ABOUT THIS TASK: Find the line with "För Arrma 1/8" in the data below. Repeat it and every line after it up to the end, exactly, but drop the pictures.

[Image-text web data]
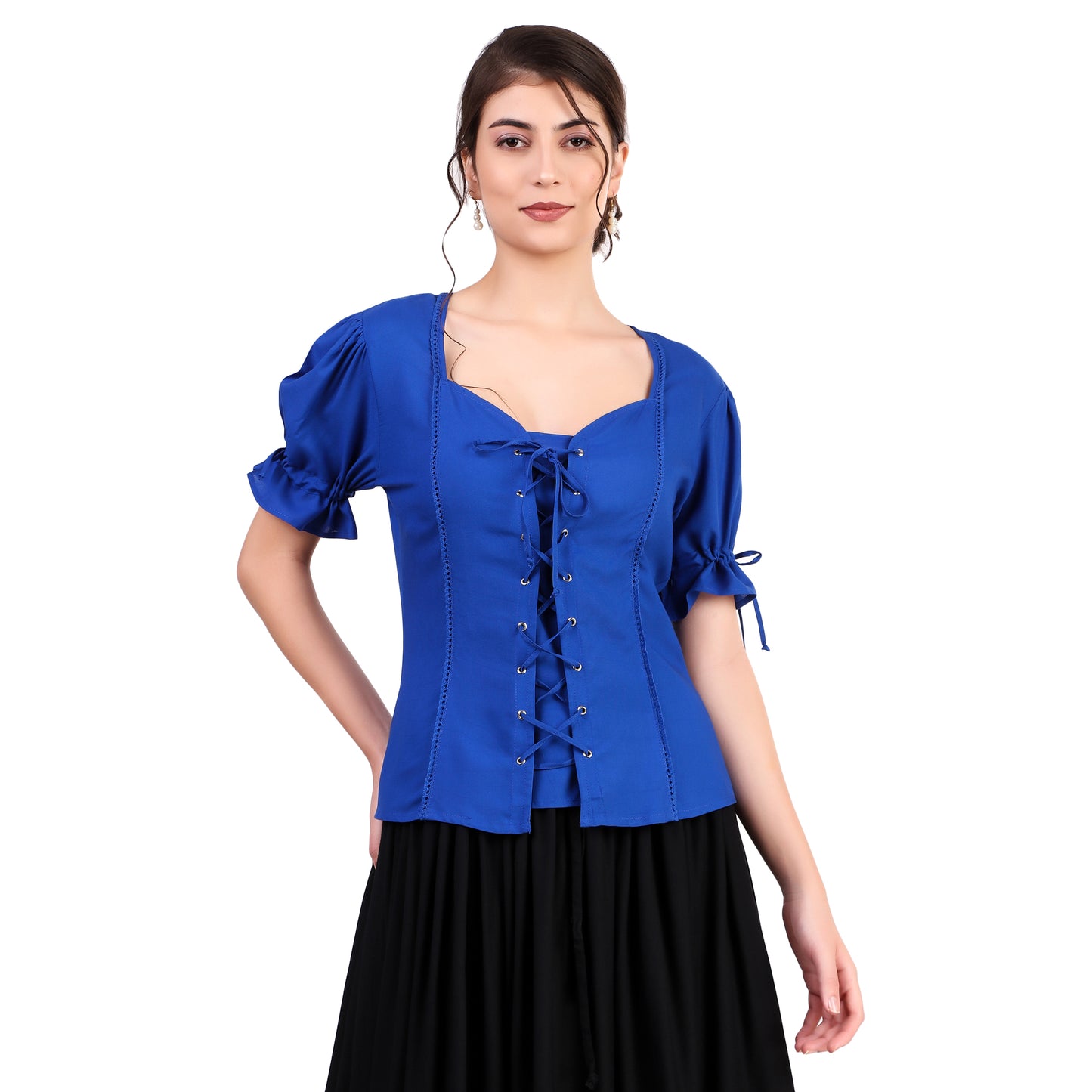 Blouse, Sweatheart Collar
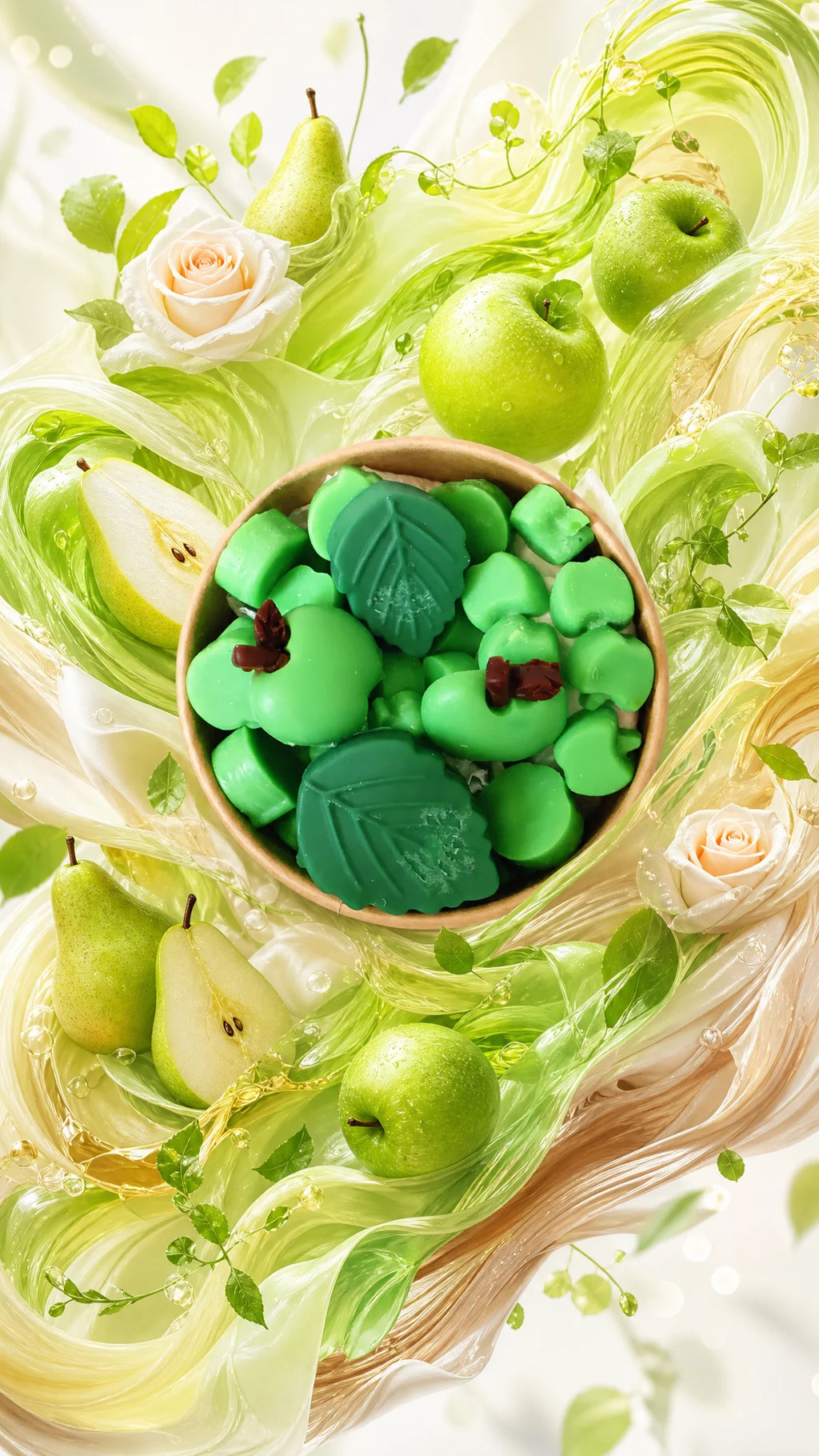 Wax Melts Modo Direta Aroma Maçã Verde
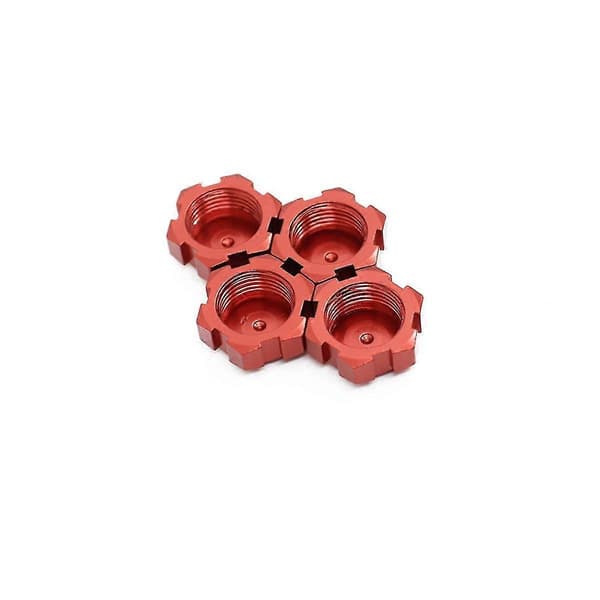 För Arrma 1/8 Karton Outcast Talion 1/7 Mojave 17mm Aluminiumlegering Hexagonmutter, modifierad och uppgraderad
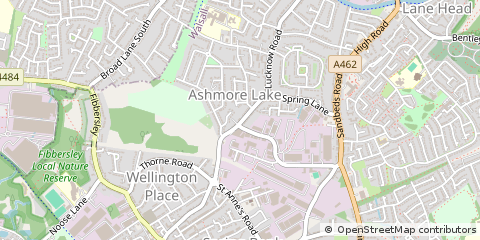 Map of Willenhall, West Midlands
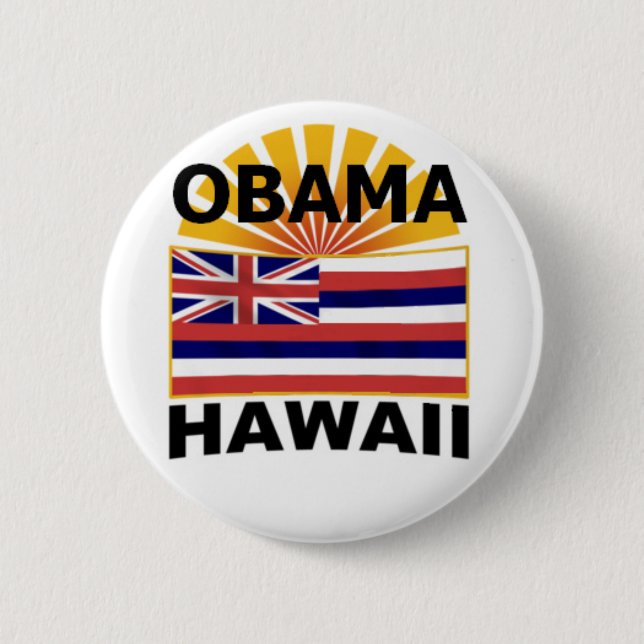 Obama Hawaii Button (Front)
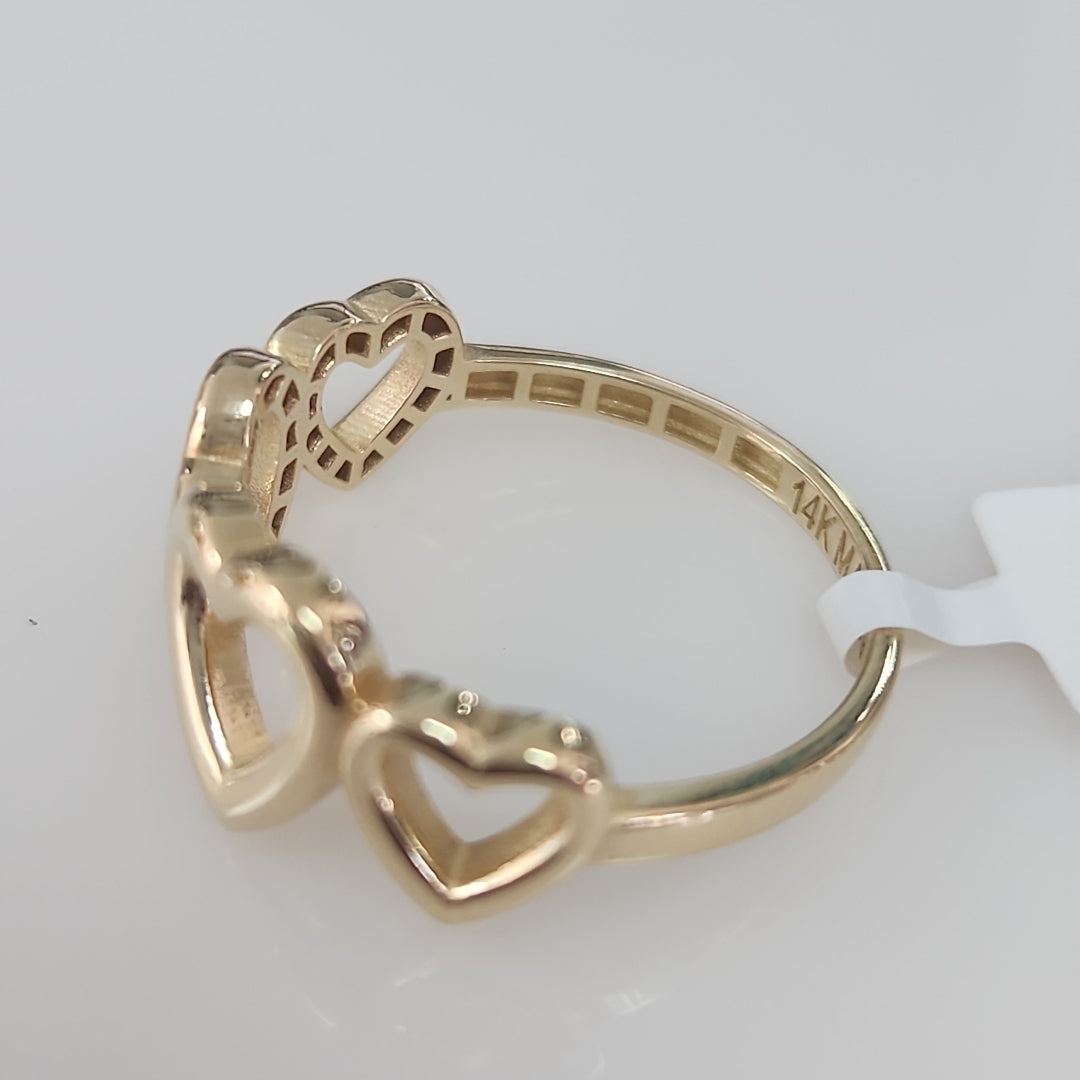 ANILLOS DAMA ORO 14K 2 (NUEVO)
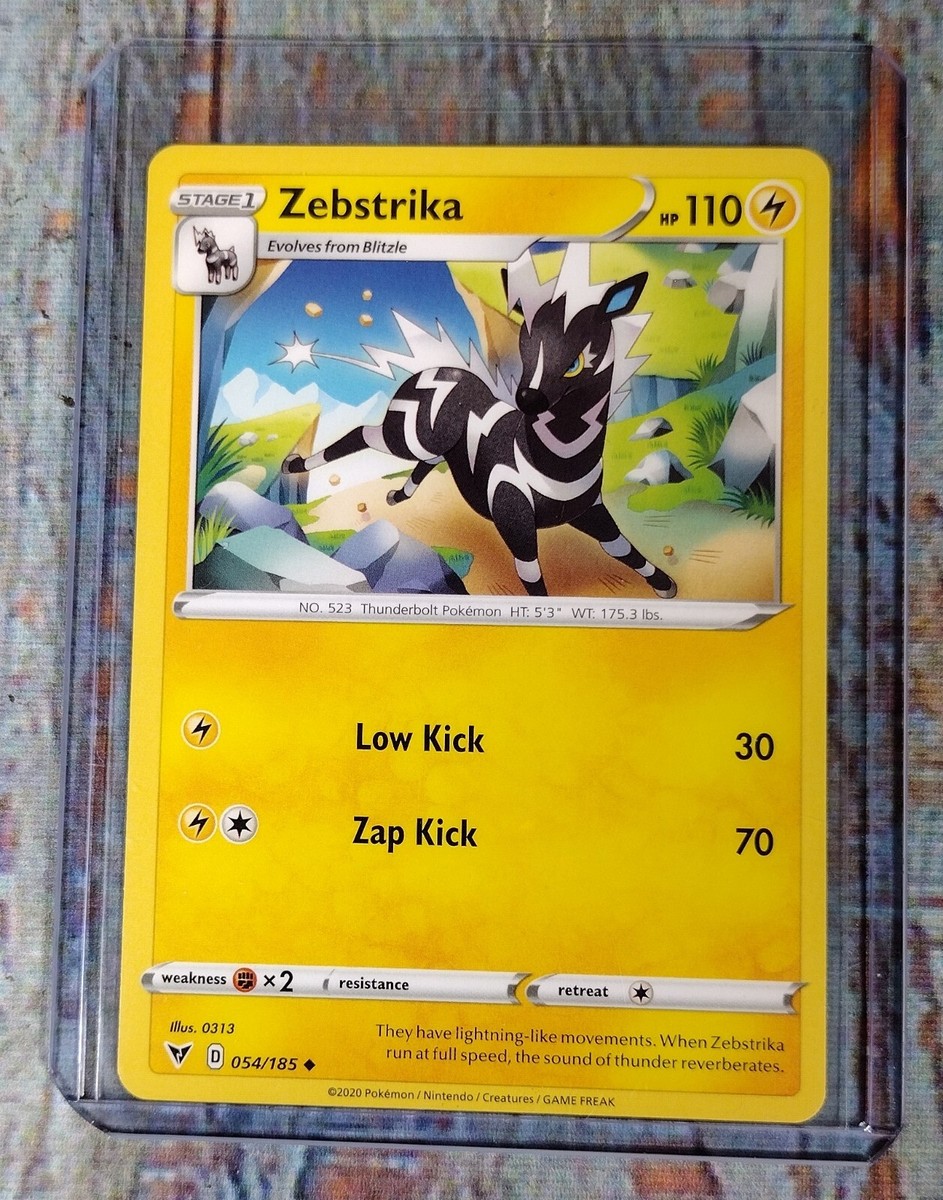 ZEBSTRIKA Stage 1 Pokemon Card Vivid Voltage 054/185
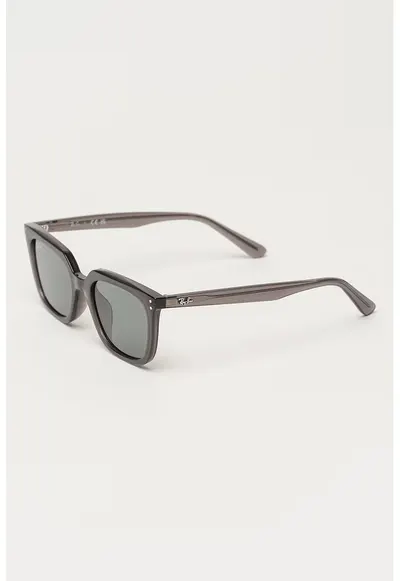 Ochelari de soare wayfarer unisex cu lentile uni - Gri inchis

RESULT:
 För Arrma 1/8 Karton Outcast Talion 1/7 Mojave 17mm Aluminiumlegering Hexagonmutter, modifierad och uppgraderad
 Map of Willenhall, West Midlands
 Obama Hawaii Button (Front)
 ANILLOS DAMA ORO 14K 2 (NUEVO)
 ZEBSTRIKA Stage 1 Pokemon Card Vivid Voltage 054/185
 Ochelari de soare wayfarer unisex cu lentile uni - Gri inchis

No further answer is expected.